Let’s work out the probability of each event using the axioms.

• By definition, $P(H) = P(T) = 0.5$.
• We know that a coin cannot show both Heads and Tails, which means $H$ and $T$ are disjoint and $P(H \cup T) = P(H) + P(T)$.
• Since $H$ and $T$ are the only outcomes, the sets $\{H\}$ and $\{T\}$ are a partition for $\Omega$. That means $P(H \cup T) = P(\Omega) = 1$.

What about $P(\emptyset)$? Since $\emptyset$ and $\Omega$ are disjoint, we can work out

$$P(\emptyset \cup \Omega) = P(\emptyset) + P(\Omega) = P(\emptyset) + 1.$$

Since probability can’t be negative (or larger than 1), this tells us that $P(\emptyset) = 0$.
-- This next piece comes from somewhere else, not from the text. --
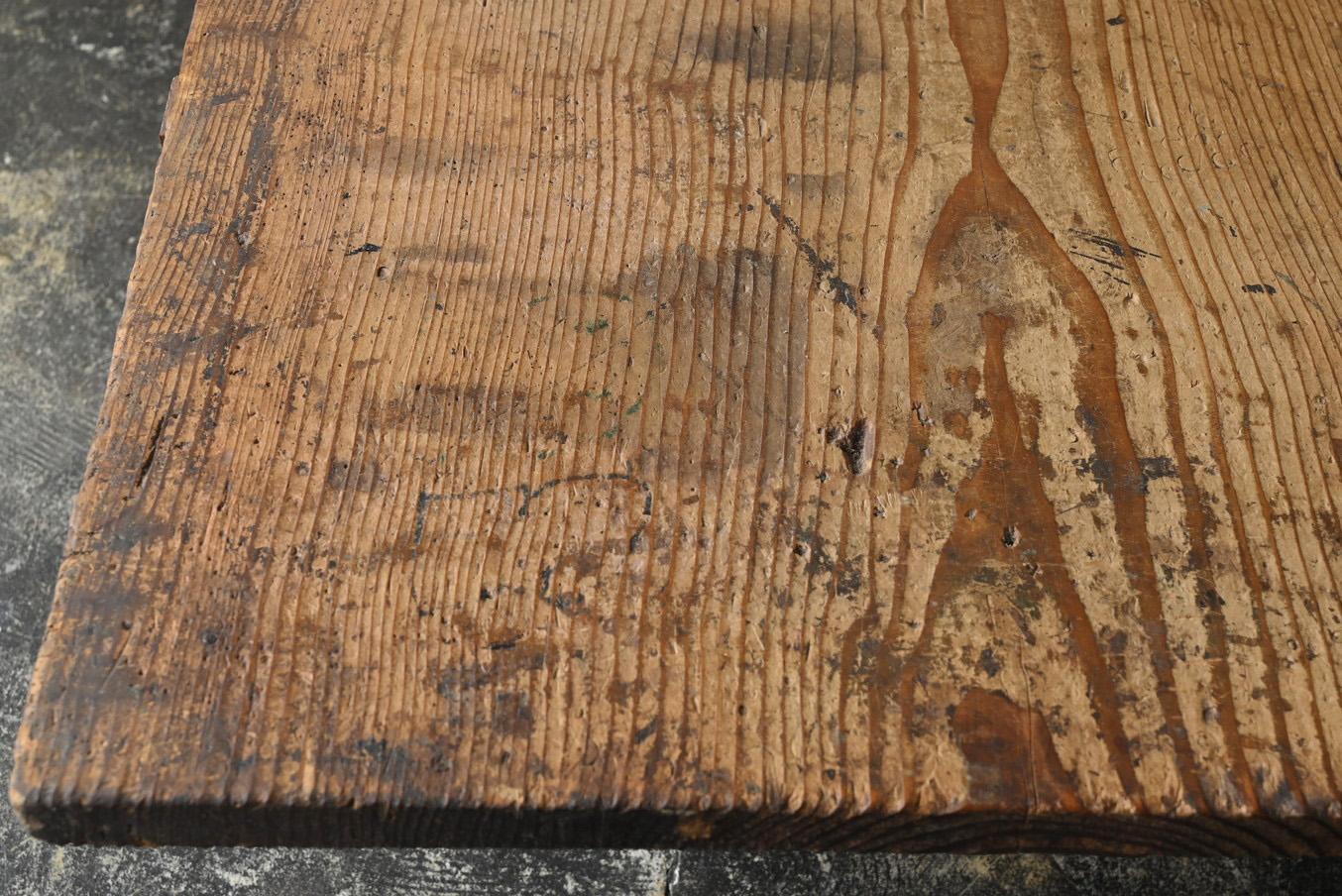 Cèdre Ancienne table basse japonaise en bois /Début 20ème siècle / Table de canapé Wabi-sabi en vente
The probability law (i.e., the assignment of probability for every event) thus falls out from a straightforward application of the axioms:

$$P(H) = 0.5, P(T) = 0.5, P(\Omega) = P(H \cup T) = 1, P(\emptyset) = 0$$

Model B: flipping an unfair toast, twice

We return to our falling toast experiment, but with a wrinkle: we’re interested in the outcome of two consecutive toast ‘flips’. That means we’re now dealing with a sequential model, with sample space

$$\Omega = \{DD, DU, UD, UU\}.$$

How do we compute $P\{DU\}$? The outcome $DU$ means that we got face-down on the first flip and face-up on the second. We know that $P(U) = 0.3$ and $P(D) = 0.7$. Since the outcome of the first flip has nothing to do with the outcome of the second (and vice versa), we can compute the probability like this:

$$P(DU) = P(D) \times P(U) = 0.7 \times 0.3 = 0.21.$$

Similarly, we can work out all the other probabilities, making sure that their sum accounts for the entire weight of the sample space,

$$ \begin{align} \sum_{i=1}^{4} P(e_{i}) &= P(DD) + P(DU) + P(UD) + P(UU) \\\
&= 0.09 + 0.21 + 0.21 + 0.49 = 1 = P(\Omega). \end{align} $$

How would we compute the probability of ending up with at least one face-up slice of toast? We’re interested in the probability that we get one face-up slice or two face-up slices. That’s just a matter of summing the probability of all outcomes that lead to this particular result:

$$ \begin{align} P(\textrm{at least one face-up}) &= P(DU \cup UD \cup UU) \\\
&= P(DU) + P(UD) + P(UU) \\\
&= 0.21 + 0.21 + 0.09 = 0.51. \end{align}\\\\\\\\$$

Summary

And there you have it: an introduction to set theory as the language of probability. Playing around with sets might seem a little dry, but remember: you’re dealing with a language, and fluency in this language will allow you to better express and reason about all sorts of interesting probabilistic situations.

What kinds of situations, you ask? That’s for you to decide!